# Reverse Data Recovery - DELETE deleted files permanently



## billybobaloo (Jan 17, 2007)

I don't know if this question has ever been asked.

I want to know if anyone knows of a piece of software or a way to clean deleted file entries from directories permanently.

I'm asking because I have downloaded a few freeware and shareware programs and tested them for recovering deleted files. I did get one of them to work and recover the deleted files but the problem is it takes so long to scan the drive and it displays so many results it takes forever to search through them for the files I actually want to recover. So what I want to do is run some software that will clear all deleted file entries from my directory listings permanently (zero them out or something.) This way the next time I have to recover a deleted file the list will be much shorter after scanning the drive.

I have Windows XP Pro installed and have 2 physical drives with a total of 3 partitions. The first drive is formatted with 2 NTFS partitions and the 2nd drive is formatted with 1 FAT32 partition (moved this drive with a lot of data from another PC and don't want to bother reformatting to NTFS.)

Anyways the last time I scanned the E drive (FAT32 - 80GB) it took about ten minutes to scan the drive for recoverable files and listed som 50,000 - 60,000 files that could be possibly be recovered.
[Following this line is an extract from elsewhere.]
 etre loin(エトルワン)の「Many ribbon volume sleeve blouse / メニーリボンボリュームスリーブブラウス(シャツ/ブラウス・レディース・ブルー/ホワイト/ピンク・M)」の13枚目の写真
Even using filters to limit the list I came up with 27,000 JPG files (as I was trying to recover about a dozen JPGs I accidentally deleted.) I was able to find them without an incredible amount of difficulty but had to recover several extra files to be sure.

If there was a program that would clean your directories when you want it to so that the file list would be empty then the next time you accidentally deleted something the list would be very short and simple to search.

I have used a piece of software that zeroes free space but this does not zero out the old directory entries only the free space on the drive.

Does anyone know of a piece of software or any other way to do this?

Thanks
billybobaloo


----------



## DoubleHelix (Dec 10, 2004)

There's no software that can distinguish between needed directories, files, and registry entries and unneeded ones. There are several "clean-up" utilities, but they carry huge risks. Running them could very quickly destroy your system. 

Uninstalling programs using either Add/Remove Programs or the program's built-in removal utility will remove nearly everything. Some programs are not written as well and will leave things behind. There is a serious danger in trying to clean this up yourself especially if you do not know the files or directories that the program created or installed.


----------



## JohnWill (Oct 19, 2002)

There are tons of privacy applications, both free and pay, that will clear ALL the unused space, aka Deleted File data.

Eraser is a free one that will wipe deleted space. Acronis Privacy Expert is one that you can pay for.

Doing exactly what you're describing would be basically impossible for a software utility without help.


----------



## billybobaloo (Jan 17, 2007)

JohnWill said:


> There are tons of privacy applications, both free and pay, that will clear ALL the unused space, aka Deleted File data.
> 
> Eraser is a free one that will wipe deleted space. Acronis Privacy Expert is one that you can pay for.
> 
> Doing exactly what you're describing would be basically impossible for a software utility without help.


Thanks for the response but wiping free space doesn't help.

I have used a program that wipes free space and makes the deleted files unrecoverable. I just want to wipe the directory space free of reference to these files as well. I used Apple IIs for a very long time in the 80s and 90s and I knew exactly how the ProDOS directory structure was formatted and could do this with no problem.

On the Apple IIs when you deleted a file it simply changed one byte in the directory entry pointing to the file. So to undelete the file you could simply change that byte to recover the deleted file. But, to make it appear as if the file NEVER existed you could zero out the rest of the bytes which contained the filename, creation date, modification date, starting sector pointer, etc...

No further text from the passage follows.